In 2024, natural graphite production was about 1.3 million tonnes, with synthetic graphite production around 3 million tonnes, and China controls nearly 80% of supply and holds over 95% market share for battery grade graphite specifically.
Demand the same year was in the vicinity of 3.7 to 3.8 million tonnes, flowing largely from the steel and battery industries, according to The Oxford Institute for Energy Studies.
A 50 kilowatt-hour EV battery requires 100kg of graphite, substantially more than the lithium, manganese, cobalt and nickel combined that is needed to make the battery.
Graphite serves to make the anode – the negative terminal – in a lithium-ion battery. This is due to its increased electrical conductivity and stability.
“Graphite was often ignored in spite of being the largest material component of EV batteries,” Cross explains.
“Without graphite, there is no lithium-ion battery.”
Peak Asset Management Executive Director Niv Dagan said that the surge in EV battery demand has led to strong demand for high-quality graphite, resulting in supply constraints.
“This imbalance is expected to continue, with EV battery demand projected to reach 9,300 gigawatt-hours (GWh) by 2035,” Dagan says.
“Strong demand and supply constraints have kept prices elevated. High-quality flake graphite commands between $2,000 and $2,400 per tonne, while spherical graphite reaches $4,000 to $4,700 per tonne.”
Benchmark Mineral Intelligence forecasts a 140% increase in natural graphite demand by 2030 which will require an extra 1.7 million tonnes of material. This equates to around 31 new natural graphite mines and 12 new synthetic graphite plants globally to provide that supply.
The ‘perfect storm’ comes into play with the realisation that major mining countries like the US, Canada and Australia have virtually no domestic supply.
“There are lithium and nickel projects all over the western world, but how many graphite projects are there? Not nearly enough,” Cross tells this news service.
“As an example, the USA has no production, Canada has one very small mine, and Australia has no production either.”
By 2026, North American battery manufacturing alone is expected to reach 600 GWh, up from 56 GWh in 2021, and by 2030 it is tipped to hit 1 terrawatt-hour. That is a 1,686% surge in less than a decade.
US strikes back
This lack of production and rising demand has fuelled efforts by the US to protect its industry and reduce China’s control.
In early February 2025, US graphite producers won a preliminary International Trade Commission (ITC) case against China.
The ITC ruled that China had suppressed the establishment of the domestic graphite industry by exporting artificially cheap graphite to the US.
A group known as the American Active Anode Material Producers, which includes ASX-listed Novonix (ASX:NVX), initiated a case with the ITC and the US Department of Commerce in December 2024.
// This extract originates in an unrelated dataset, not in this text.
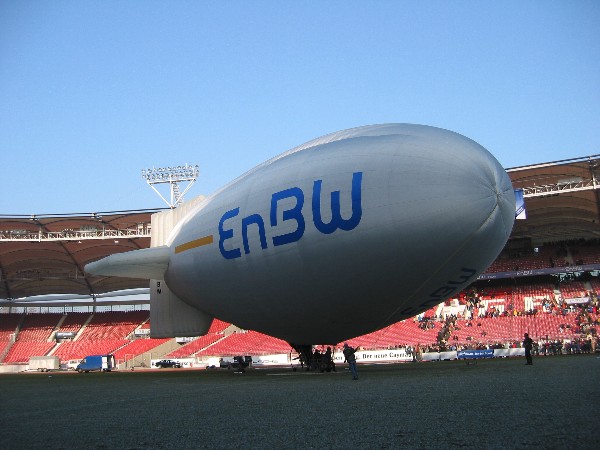 STUTTGART-BAD CANNSTADT > Gottlieb-Daimler-Stadion > EnBW Werbezeppelin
The group called for an investigation to be launched into whether China was exporting natural and synthetic graphite at unfair prices to the US and seeking import tariffs as a remedy.
Novonix interim CEO Robert Long said at the time of the ruling that China’s strategic efforts to control the global critical minerals supply chain, fuelled by massive government subsidies with the clear intent of suppressing fair competition, were a threat to US energy and national security.
“The ITC’s ruling represents an important step towards leveling the playing field for US critical minerals producers and bringing transparency to the global marketplace,” he said.
Now that the ITC has made its preliminary determination, the case will proceed simultaneously before the US Department of Commerce and the ITC under the jurisdiction of US antidumping and countervailing duty statutes.
If the investigation proves conclusive, the US Department of Commerce will assess the use of additional tariffs equal to the extent of unfair pricing by the Chinese.
Novonix’s Riverside facility, located in Chattanooga, Tennessee, is set to become the first large-scale production site dedicated to high-performance synthetic graphite for the battery sector in North America.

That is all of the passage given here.